Terrorism is not restricted to two-legged terrorism only, but is also linked to threats caused to life, limb and property even by LPG related accidents, like what is taking place today and particularly so, when taken together, where there is an elected Government which is not taking immediate remedial action to mitigate the ordinary public against such threats.
These have to be looked at in the context that at least 17 LPG related accidents having had been reported islandwide, causing one death, three injuries and damages to houses, hotels, restaurants and similar properties in the 27 days to 12 Noon yesterday. Opposition and SJB MP Nalin Bandara Jayamaha speaking in Parliament on Monday said that tests carried out by the Ceylon Petroleum Corporation (CPC) in relation to these accidents showed that they were due to the change in composition of the LPG.

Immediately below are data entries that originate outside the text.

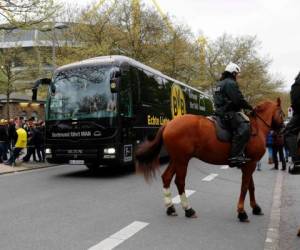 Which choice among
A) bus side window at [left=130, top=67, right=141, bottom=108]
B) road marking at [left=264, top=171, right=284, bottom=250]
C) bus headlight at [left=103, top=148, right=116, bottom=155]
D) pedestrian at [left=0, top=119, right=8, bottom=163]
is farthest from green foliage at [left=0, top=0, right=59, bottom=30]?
road marking at [left=264, top=171, right=284, bottom=250]

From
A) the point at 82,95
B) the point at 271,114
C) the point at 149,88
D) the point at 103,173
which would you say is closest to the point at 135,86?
the point at 149,88

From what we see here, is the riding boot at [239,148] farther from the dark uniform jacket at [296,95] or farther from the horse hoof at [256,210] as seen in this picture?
the dark uniform jacket at [296,95]

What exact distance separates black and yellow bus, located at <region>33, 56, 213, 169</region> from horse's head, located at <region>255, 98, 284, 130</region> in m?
5.47

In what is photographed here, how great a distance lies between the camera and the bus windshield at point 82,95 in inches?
520

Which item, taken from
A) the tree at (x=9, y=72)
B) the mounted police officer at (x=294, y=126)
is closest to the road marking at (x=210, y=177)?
the mounted police officer at (x=294, y=126)

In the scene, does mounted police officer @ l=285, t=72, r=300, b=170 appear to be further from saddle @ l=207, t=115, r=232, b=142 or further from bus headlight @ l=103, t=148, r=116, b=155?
bus headlight @ l=103, t=148, r=116, b=155

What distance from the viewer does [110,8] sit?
1366 inches

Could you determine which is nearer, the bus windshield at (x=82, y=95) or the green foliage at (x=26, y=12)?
the bus windshield at (x=82, y=95)

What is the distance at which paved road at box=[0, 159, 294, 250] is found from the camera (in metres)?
6.18

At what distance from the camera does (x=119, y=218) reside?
7.68m

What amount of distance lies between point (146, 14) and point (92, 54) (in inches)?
252

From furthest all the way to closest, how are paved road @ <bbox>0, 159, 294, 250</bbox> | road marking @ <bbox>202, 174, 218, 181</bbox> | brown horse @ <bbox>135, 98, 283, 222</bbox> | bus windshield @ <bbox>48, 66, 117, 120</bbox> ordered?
road marking @ <bbox>202, 174, 218, 181</bbox>
bus windshield @ <bbox>48, 66, 117, 120</bbox>
brown horse @ <bbox>135, 98, 283, 222</bbox>
paved road @ <bbox>0, 159, 294, 250</bbox>

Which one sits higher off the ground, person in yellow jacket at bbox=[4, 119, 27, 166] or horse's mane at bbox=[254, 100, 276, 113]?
horse's mane at bbox=[254, 100, 276, 113]

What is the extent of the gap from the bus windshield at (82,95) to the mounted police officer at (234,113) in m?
5.69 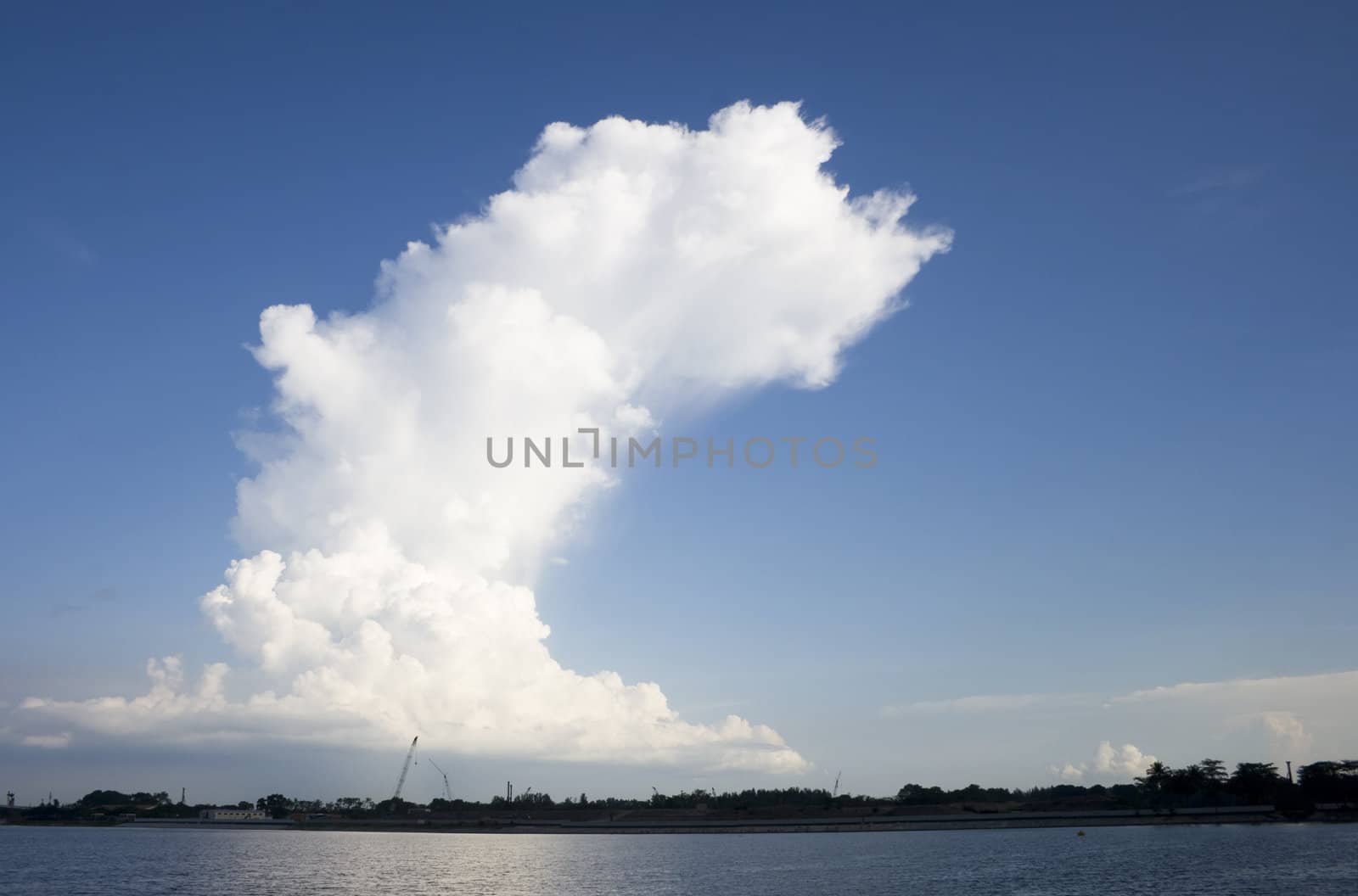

Jayamaha therefore requested the Government to make the contents of this CPC report public. Energy Minister Udaya Gammanpila under whose purview the CPC comes, in reply, however said that such a report cannot be made public as the report had been compiled at the behest of the Consumer Affairs Authority (CAA). Complementing these developments, Cabinet spokesman Dullas Alahapperuma yesterday said that there is a report on recent LP gas accidents out and that its contents, together with other reports such as that which is being compiled by Moratuwa University will be made public, tomorrow.
He however didn’t say who the author of this particular report, currently out is, nor the reasons for the delay in releasing its contents to the public immediately and when this report was originally out. State Consumer Protection Minister Lasantha Alagiyawanna told Parliament yesterday that President Gotabaya Rajapaksa ‘has decided to appoint a committee, probably by Friday, to resolve the prevailing issues surrounding domestic LP gas cylinders and gas leak explosions.’
Amidst these developments, the question this newspaper likes to ask the Government and its agents such as Alahapperuma and Gammanpila, is why cannot the contents of the CPC report and the ‘other report,’ i.e. the report referred to by Alahapperuma, presuming it’s different to the aforesaid CPC report and which is/are already out, be made available immediately for public consumption? Is the reason for delaying in making these reports public till tomorrow due to it being a threat to national security/public safety, if made earlier, or rather at least ‘as late as’ two days ago by Monday, i.e. the day Jayamaha made public, at least part of the CPC report in question, in Parliament? Further, is the CAA functioning with taxpayers’ money, or is it a private company and thereby not being a State owned institution, the reason why the contents of the CPC report cannot be made known immediately to the public, without at least first having had to be channelled to the CAA, presuming that CAA is not a Government institution and hence not beholden to the public, as indicated by Gammanpila’s and even Alahapperuma’s actions? Or, do the Government and Ministers Gamanpilla and Alahapperuma specifically, consider the LPG accidents reported up to now minor enough, despite a total of as much as 11 such accidents having had been reported islandwide in the 36 hours ended up to 12 Noon yesterday alone, causing damages to private houses and restaurants, coinciding with the prior day Monday when 10 of those 11 accidents took place and where Opposition MP Jayamaha made these revelations in Parliament, that Gammanpila feels that it’s not necessary to make the contents of CPC’s finding public, but instead directing the report to the CAA, an institution, maintained with taxpayers’ money? By not making the contents of the CPC report public, immediately, it may also be inferred that the Government and Gammanpila have something to hide.
It may further be interpreted that despite the threat to life and property that these LPG accidents may cause, the Government and Gammanpila, for reasons best known to them, do not want to make the contents of the CPC report immediately made public, even though, if immediately public, the public would then possibly be able to take prompt, remedial action to prevent possible future LPG related accidents.